# Fitting a DRO.



## th62 (Nov 20, 2017)

I bought a couple of Shahe DROs for my lathe a few weeks ago, a 150mm for the cross slide and a 500mm for the carriage.    The DROs were quite cheap, the 150mm was $Aust38 and the 500mm was $Aust75, both work superbly 

The longitudinal DRO I fitted a while back using a couple of spacers I made up and a bracket to attach to the reader.
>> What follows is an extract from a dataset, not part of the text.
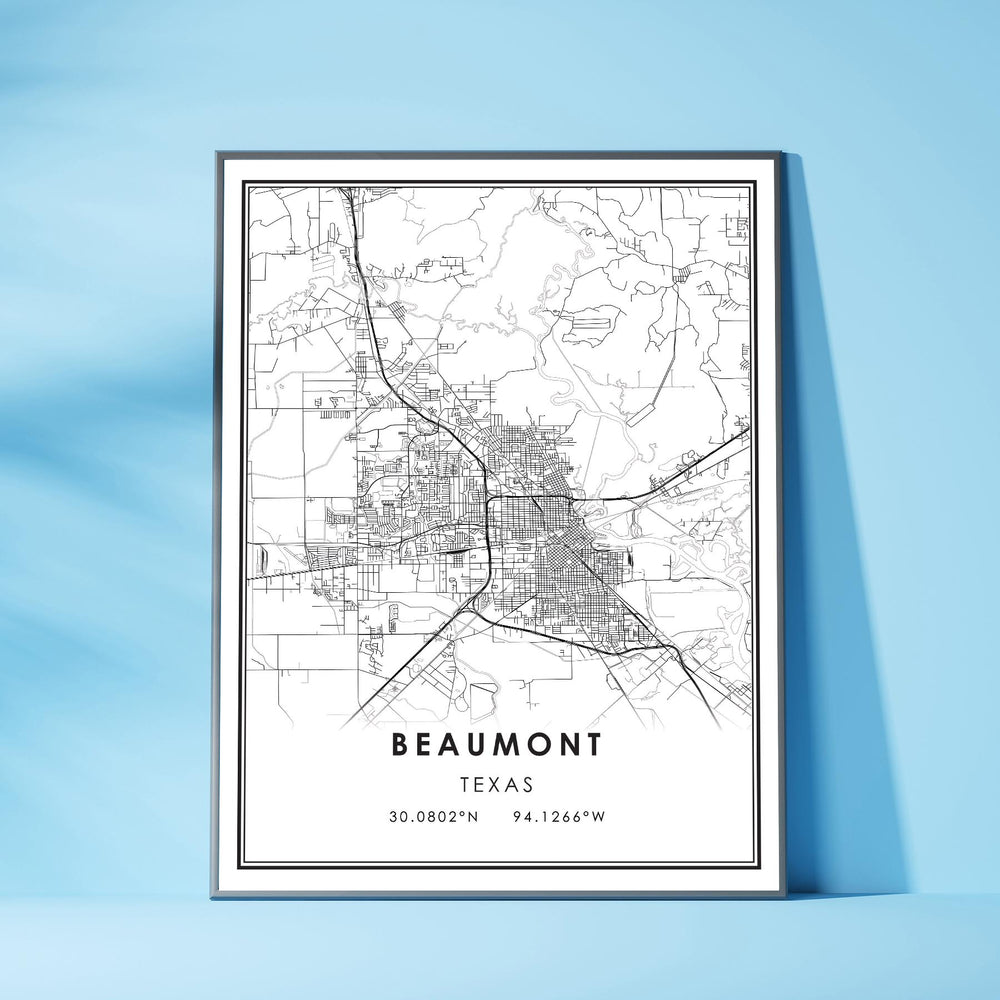Beaumont, Texas Modern Map Print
I also included a splash guard.   Initially I fitted the cross slide DRO using the supplied fittings but coolant soon played havoc with the reader so I milled up a couple of brackets for the bar , a couple of clamps and a splash guard.

I don't know how I ever got along without a DRO, so easy to zero and use them to turn down to exacting sizes without error.

Very, very happy with the DROs, I'll pull the cross slide DRO down when I have time, remove the bending and grinding marks and neaten up things a little.

The cross slide DRO does hinder the tailstock a little but that's easy fixed by moving the compound further forward and winding the carriage up to the head stock.   The cable is attached to the reader via a mini USB socket/plug, I was going to solder the cables directly to the reader board and route it out the side of the reader to get it out of harms way, that turned out to be not such a good idea as the four leads are all soldered to the board in about a 5mm grouping - to small for my solder iron, not to mention my tired old eyes.   Instead, I've sent off for a right angle mini USB adapter.   That should solve that problem.

Do yourselves a favour, if you haven't got a DRO on your lathe, get one, worth their weight in swarf.

Toying with modifying a vernier for use on the tailstock next.


----------



## Karl_T (Nov 20, 2017)

Working on a machine without a DRO is just like working in a dark room...

Once you turn on the lights, you will not work in the dark again.


----------